Exercise:
The entries are to be written out word for word, with their images left out.

Information:
********

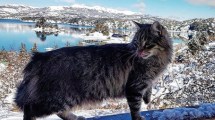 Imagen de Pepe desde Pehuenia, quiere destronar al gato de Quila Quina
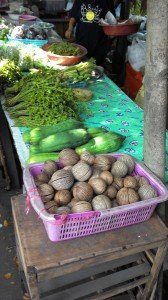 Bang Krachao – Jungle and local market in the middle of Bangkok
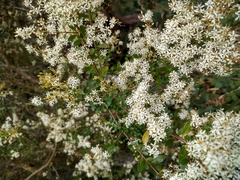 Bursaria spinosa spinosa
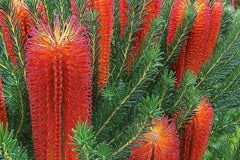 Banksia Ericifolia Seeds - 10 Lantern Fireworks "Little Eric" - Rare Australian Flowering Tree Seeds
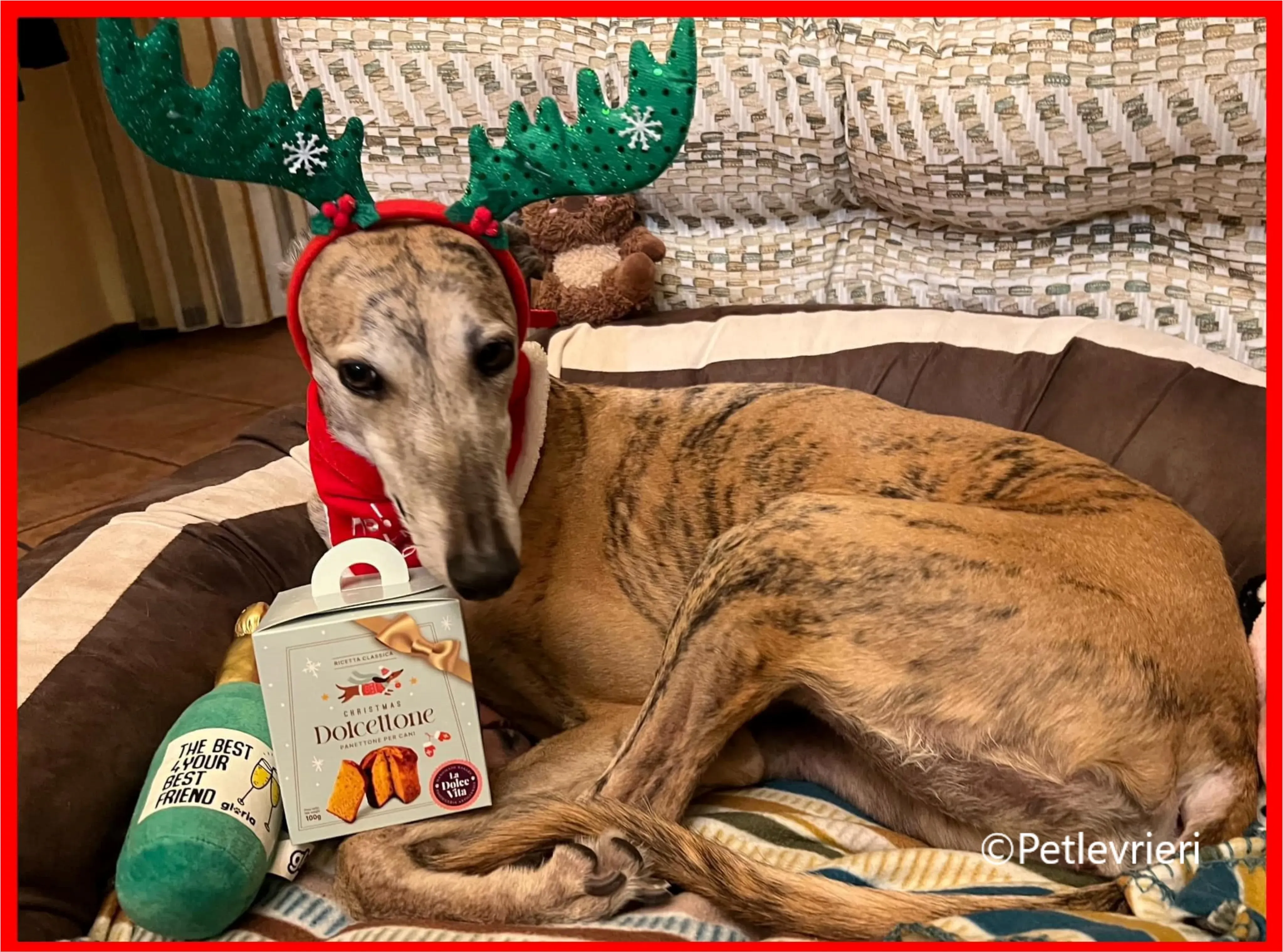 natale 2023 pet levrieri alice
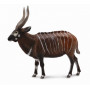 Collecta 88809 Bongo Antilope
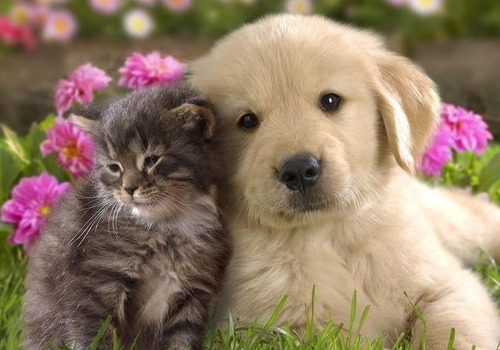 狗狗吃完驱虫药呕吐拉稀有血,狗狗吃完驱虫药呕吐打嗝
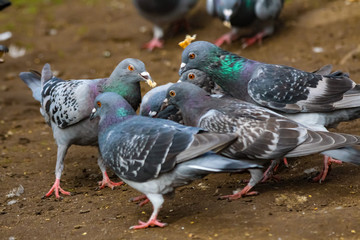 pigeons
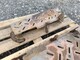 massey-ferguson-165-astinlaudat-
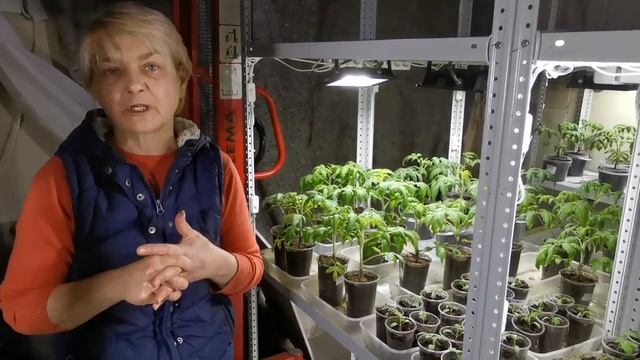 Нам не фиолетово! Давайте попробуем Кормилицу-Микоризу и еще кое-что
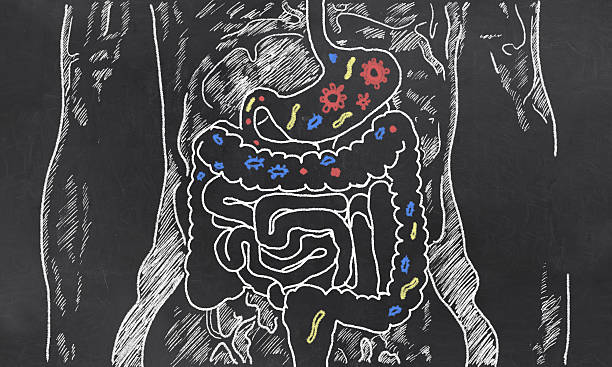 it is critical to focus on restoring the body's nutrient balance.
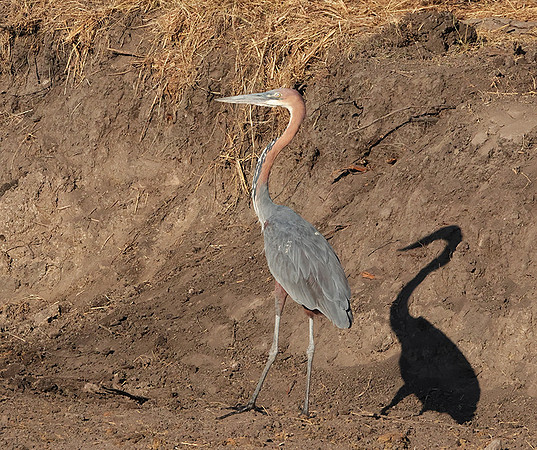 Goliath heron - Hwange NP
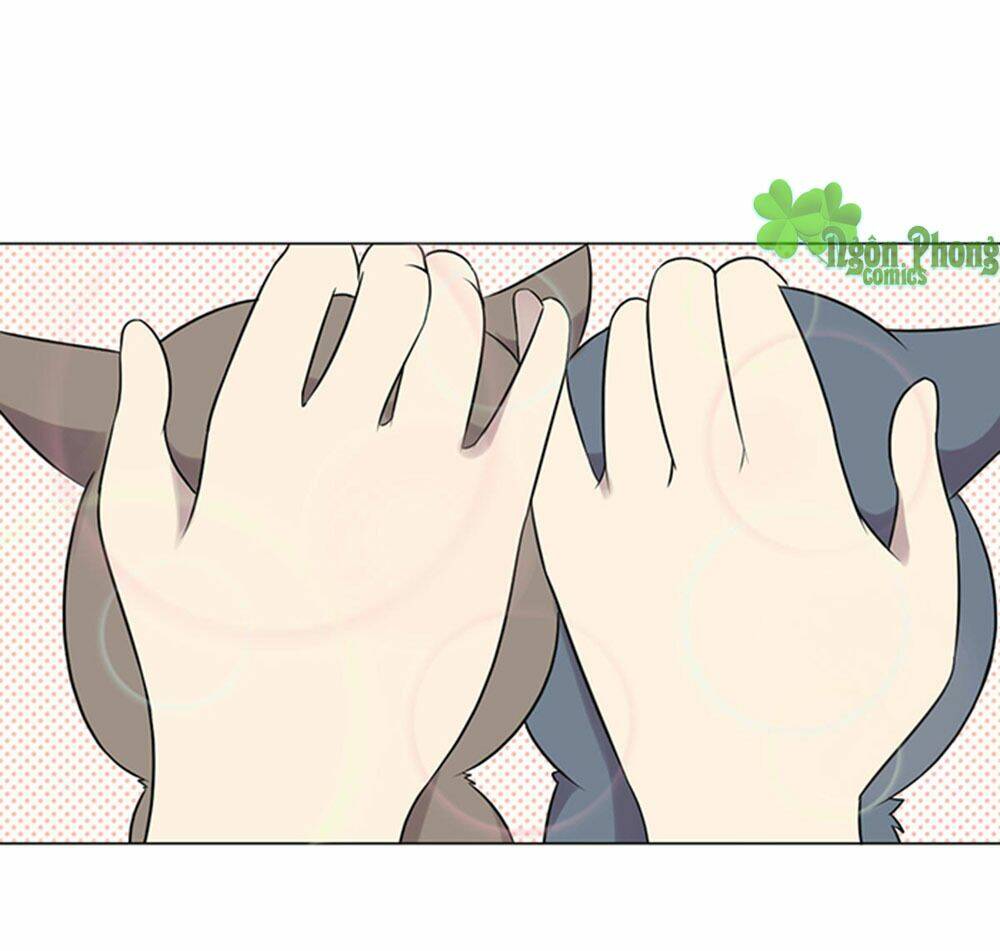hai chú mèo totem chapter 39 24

********

Reply:
 Imagen de Pepe desde Pehuenia, quiere destronar al gato de Quila Quina
 Bang Krachao – Jungle and local market in the middle of Bangkok
 Bursaria spinosa spinosa
 Banksia Ericifolia Seeds - 10 Lantern Fireworks "Little Eric" - Rare Australian Flowering Tree Seeds
 natale 2023 pet levrieri alice
 Collecta 88809 Bongo Antilope
 狗狗吃完驱虫药呕吐拉稀有血,狗狗吃完驱虫药呕吐打嗝
 pigeons
 massey-ferguson-165-astinlaudat-
 Нам не фиолетово! Давайте попробуем Кормилицу-Микоризу и еще кое-что
 it is critical to focus on restoring the body's nutrient balance.
 Goliath heron - Hwange NP
hai chú mèo totem chapter 39 24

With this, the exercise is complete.